▶ _Exercise_
In the listing below, find the line with "Stone pile rings-Pair" and copy every line from there up to and including the line with "Tree Of Life Crescent", exactly and without pictures.

▶ _Data provided_
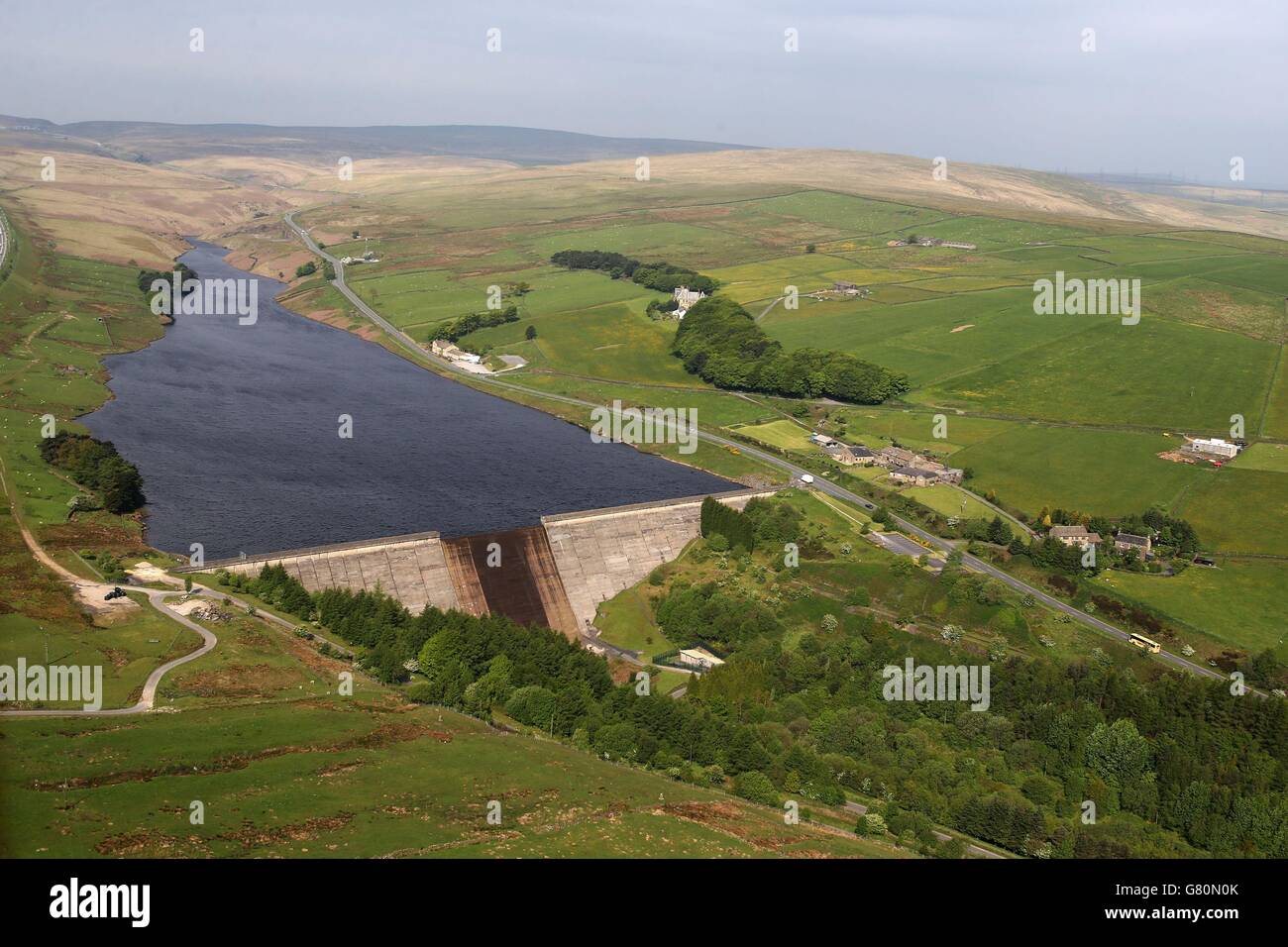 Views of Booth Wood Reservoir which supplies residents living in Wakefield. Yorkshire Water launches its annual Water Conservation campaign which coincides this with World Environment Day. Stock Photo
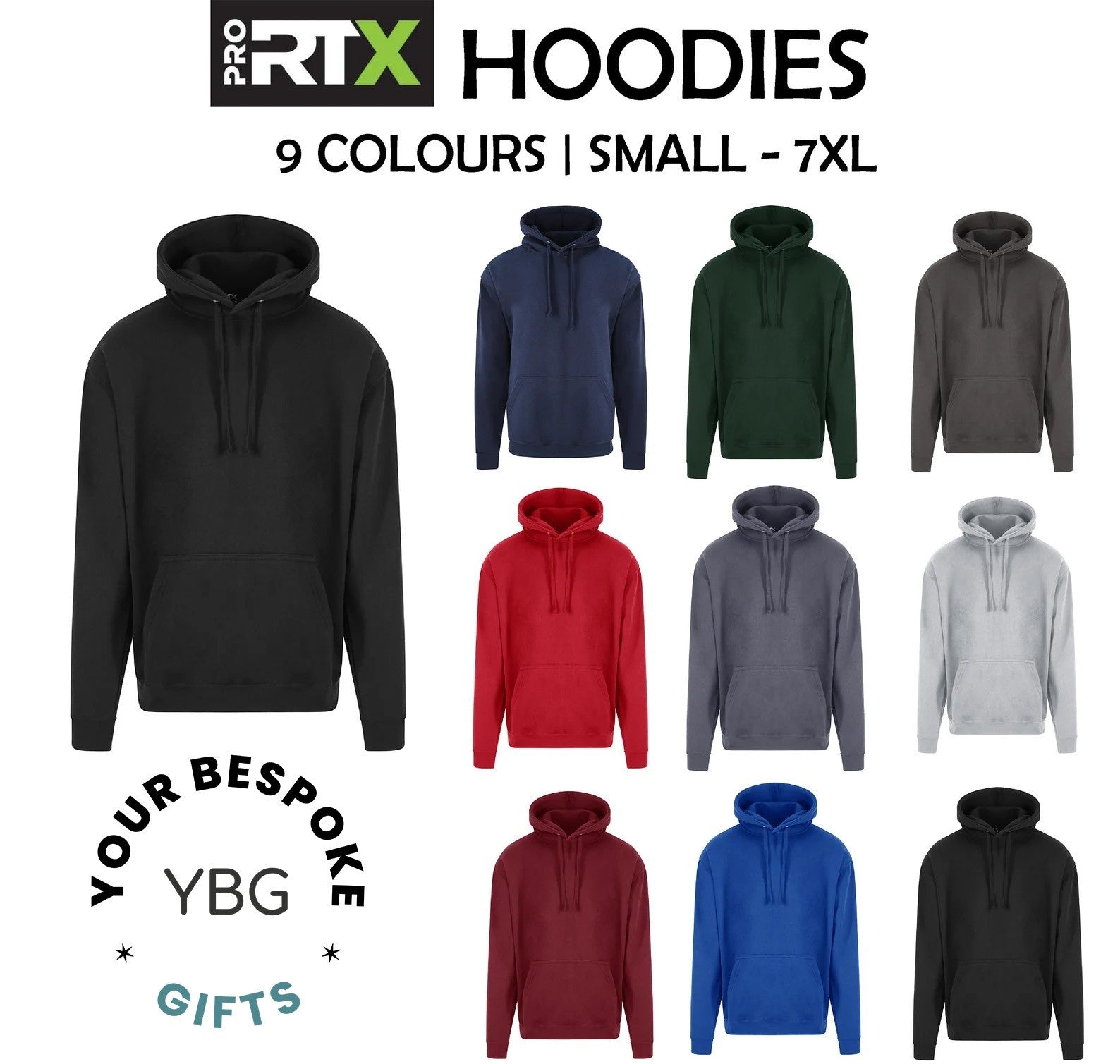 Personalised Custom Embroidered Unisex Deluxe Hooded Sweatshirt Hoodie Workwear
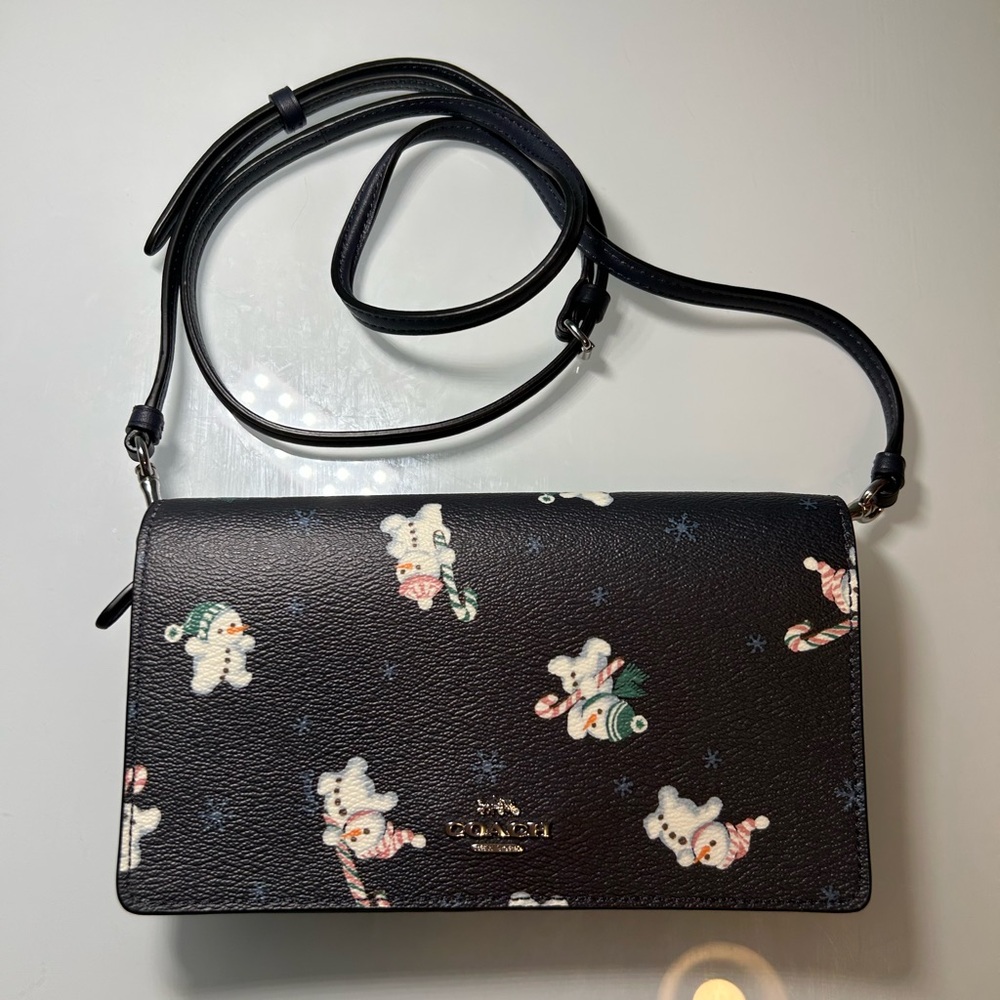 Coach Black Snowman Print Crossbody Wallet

* * *

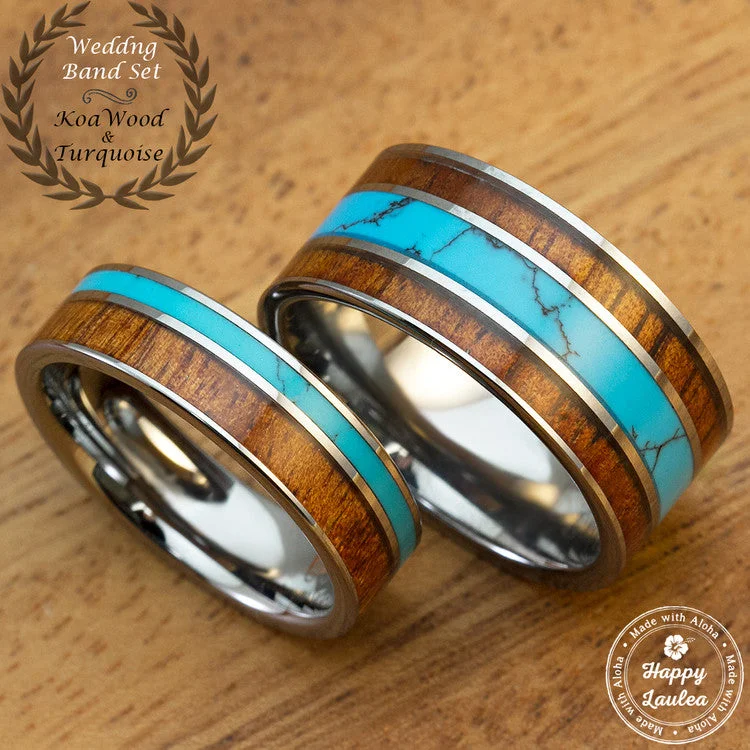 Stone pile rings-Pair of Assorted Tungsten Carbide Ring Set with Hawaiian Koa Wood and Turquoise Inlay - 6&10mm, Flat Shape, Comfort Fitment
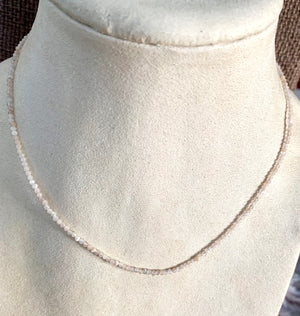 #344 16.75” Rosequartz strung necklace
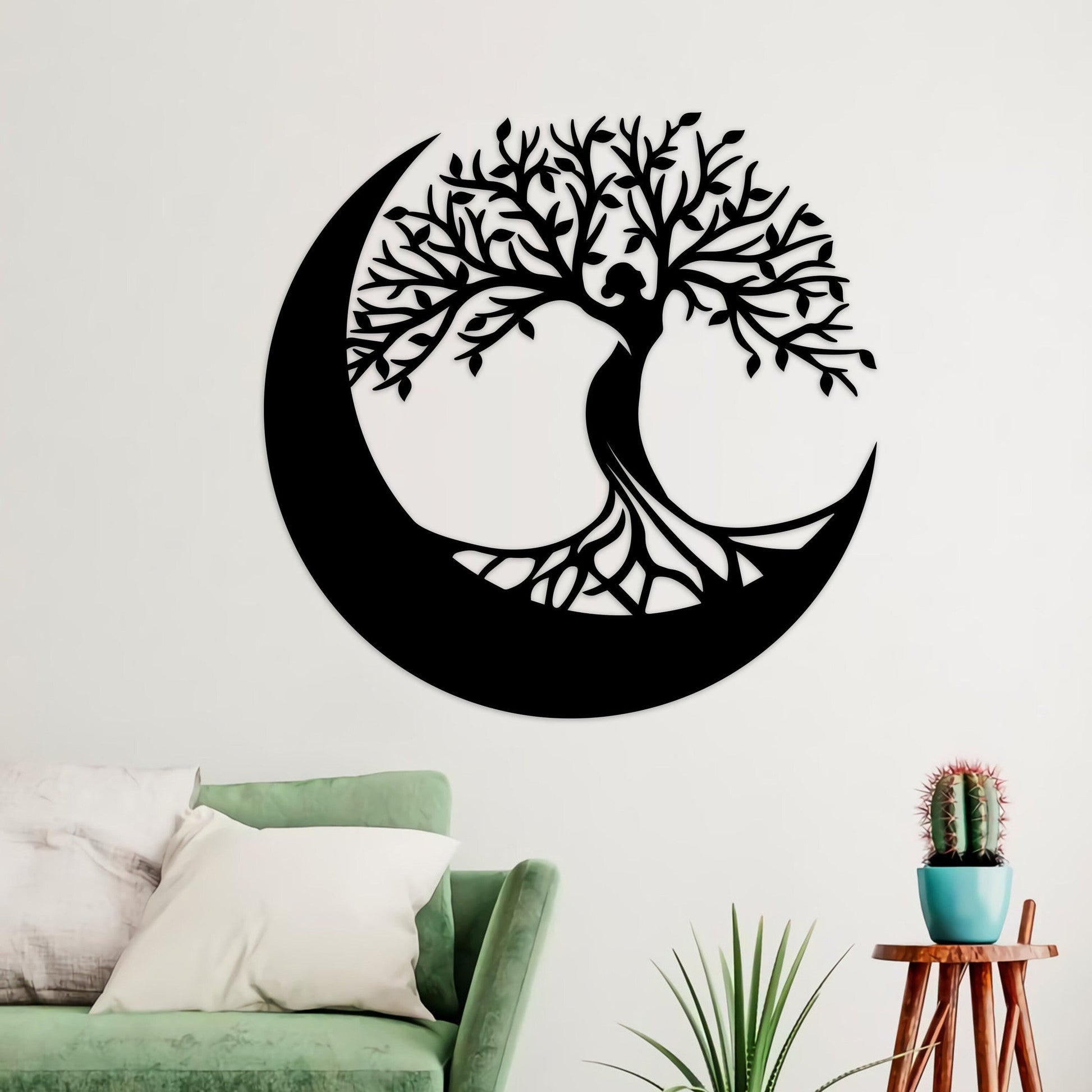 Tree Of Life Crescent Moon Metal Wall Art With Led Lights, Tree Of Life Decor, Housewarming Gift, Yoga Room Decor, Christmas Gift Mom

* * *

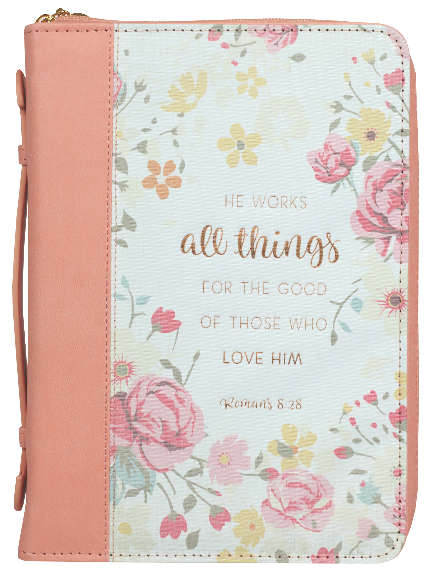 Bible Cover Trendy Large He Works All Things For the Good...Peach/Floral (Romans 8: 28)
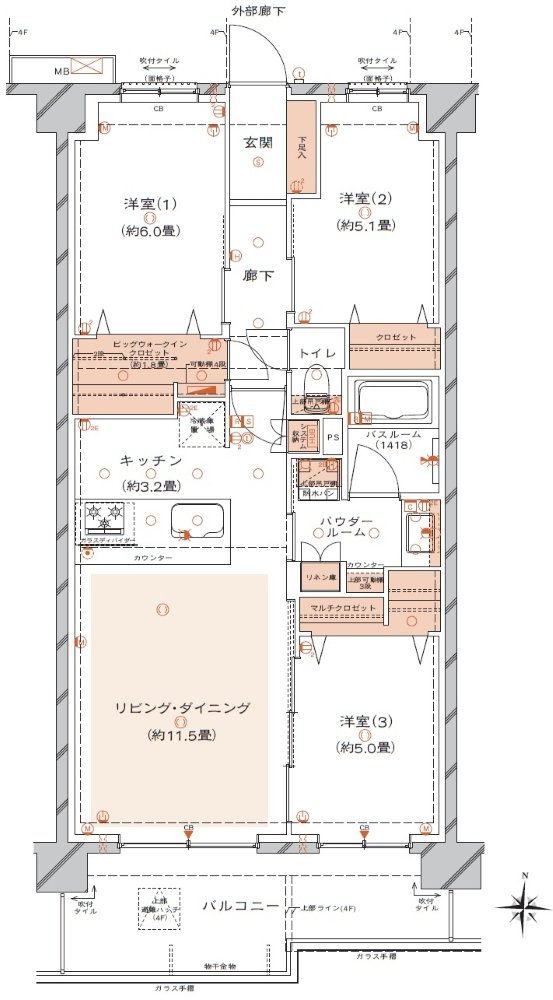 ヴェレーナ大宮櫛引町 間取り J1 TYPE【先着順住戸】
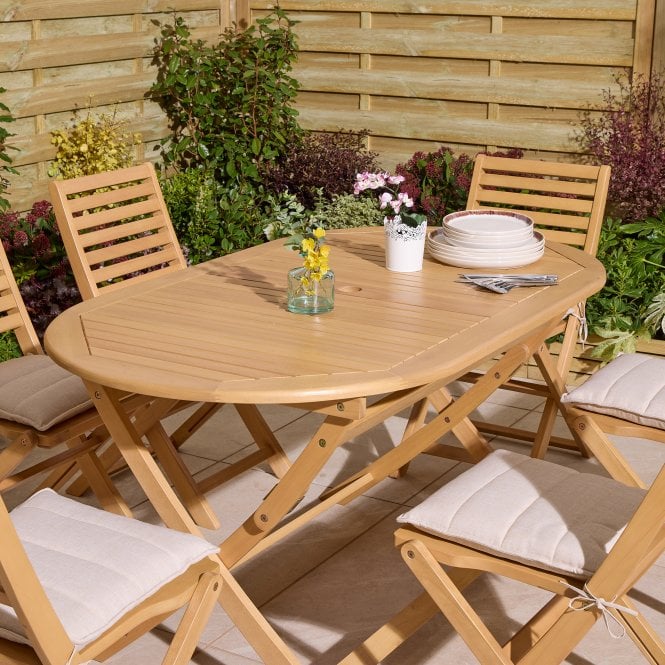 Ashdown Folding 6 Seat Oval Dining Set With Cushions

▶ _Written response_
 Stone pile rings-Pair of Assorted Tungsten Carbide Ring Set with Hawaiian Koa Wood and Turquoise Inlay - 6&10mm, Flat Shape, Comfort Fitment
 #344 16.75” Rosequartz strung necklace
 Tree Of Life Crescent Moon Metal Wall Art With Led Lights, Tree Of Life Decor, Housewarming Gift, Yoga Room Decor, Christmas Gift Mom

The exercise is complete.